Mas você produz pessoas mais qualificadas. Quarenta anos atrás, quando me formei, ter terminado o ensino médio era um valor, até no mercado de trabalho. Hoje não é mais, não só porque se multiplicou o número de pessoas que terminam, mas também porque não tem mais a mesma qualidade. Um bom ensino médio melhora a qualidade de experiência de uma vida inteira. Que a pessoa possa ir para a universidade ou que se dedique a uma carreira técnica de qualquer tipo, tanto faz. É uma bagagem que fica com ela. Também é uma grande injustiça social ter um ensino que dura cinco horas. O que isso significa? Que os alunos de classe média e alta à tarde vão para o inglês, à natação, ao balé, à pintura japonesa, carregados para cima e para baixo por avós e motoristas. Os outros estão em casa, com a tia, esperando que a mãe volte do trabalho. Seria muito diferente se o ensino durasse até as 15h30, 16h. A aula de inglês e a de pintura têm de estar dentro do ensino, isso seria muito mais igualitário. Esse igualitário não significa um valor em si, mas sim dar essa possibilidade a todos.


Os casos de depressão e suicídio juvenis hoje são mais visíveis e falados. Por quê?


Segundo os dados, o suicídio de jovens e adolescentes aumentou relativamente pouco, 2%, o que pode ser acidental.


Mas começaram a pipocar casos em colégios de classe média. Isso está relacionado a esse congelamento a que constrangemos os jovens, impedindo-os de assumir sua vida adulta?


É verdade. Mas há um problema importante que tem de ser dito: começamos a medicar os jovens por depressão. Os antidepressivos apresentam um risco de condutas impulsivas, inclusive suicidas, que é real. É pequeno, mas quando acontece com você é muito grande. O manuseio desses remédios é complicado, a interrupção pode ser extremamente problemática, e isso, por certo, entra nessas estatísticas. Essa não é uma medicação com a qual se pode brincar.

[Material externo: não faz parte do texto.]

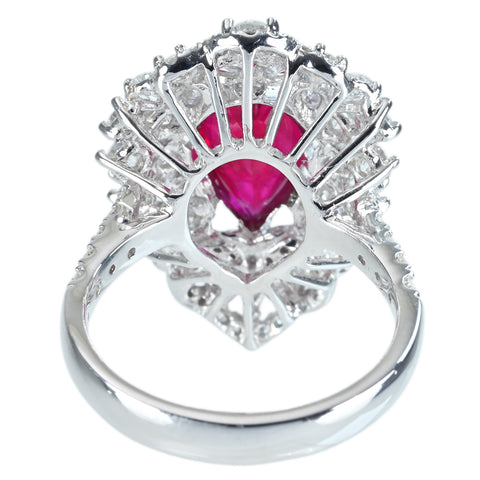 【中古】K18WG  Mynmar RUBY RING ビルマ産ルビーリング R2.53ct D1.73ct GRS鑑別書 7.0g #12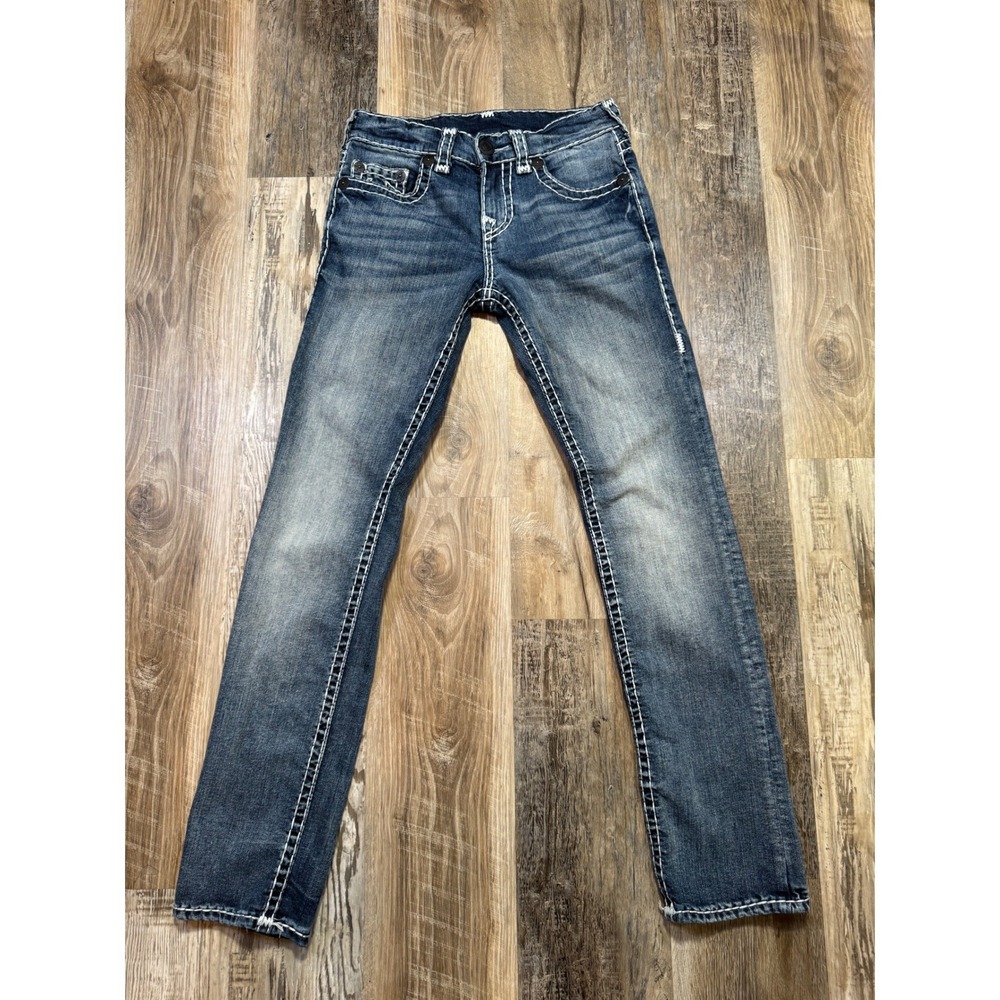 True Religion Jeans Ricky Mens 28x32 Medium Wash Relaxed Straight White T Stitch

O uso da medicação na infância e na adolescência deveria ser muito cauteloso, limitado. É óbvio que é preciso saber se a criança poderia ser ajudada de outras maneiras antes de receitá-la. Mas, sobretudo, deve-se saber se a medicação não responde mais à intolerância dos pais em relação à eventual infelicidade ou fracasso dos filhos do que a uma real necessidade deles. O filho pode ser infeliz por muitas razões. Porque não gosta de ser adolescente, o que é compreensível, porque ninguém gosta. Ou porque está gordo e tem vergonha de tirar a camisa, ou porque tem camaradas que o estão tratando mal ou uma menina mandou-o se enxergar. Isso faz parte da vida.


As regras e convenções – lingüísticas, pedagógicas ou históricas – vêm sendo cada vez mais relativizadas. Como a escola, uma instituição que, em princípio, deveria tornar comuns os valores de uma sociedade, pode aliar a existência da norma à necessidade de uma pluralização do olhar?


É possível construir uma vida inteira contra as normas, mas para isso é preciso que haja normas. Caso contrário, não há contra o que se opor. O texto de iletrados, sem conhecimentos da ortografia, não vai ser nunca um Finnegans wake [de James Joyce]. Para escrever Finnegans wake, é preciso conhecer a ortografia e a língua perfeitamente. A partir disso, você faz um texto de vanguarda e tortura a ortografia, a gramática e a sintaxe inglesa. A relação com a norma é absolutamente constitutiva. Isso vale para tudo, para criar, para o conhecimento normativo, para as normas de conduta. A experiência contrária foi feita no fim dos anos 60 e nos anos 70 e se viu que crescer num ambiente totalmente permissivo curiosamente não cria sujeitos dotados de um espírito crítico muito vivo. Só cria sujeitos perdidos.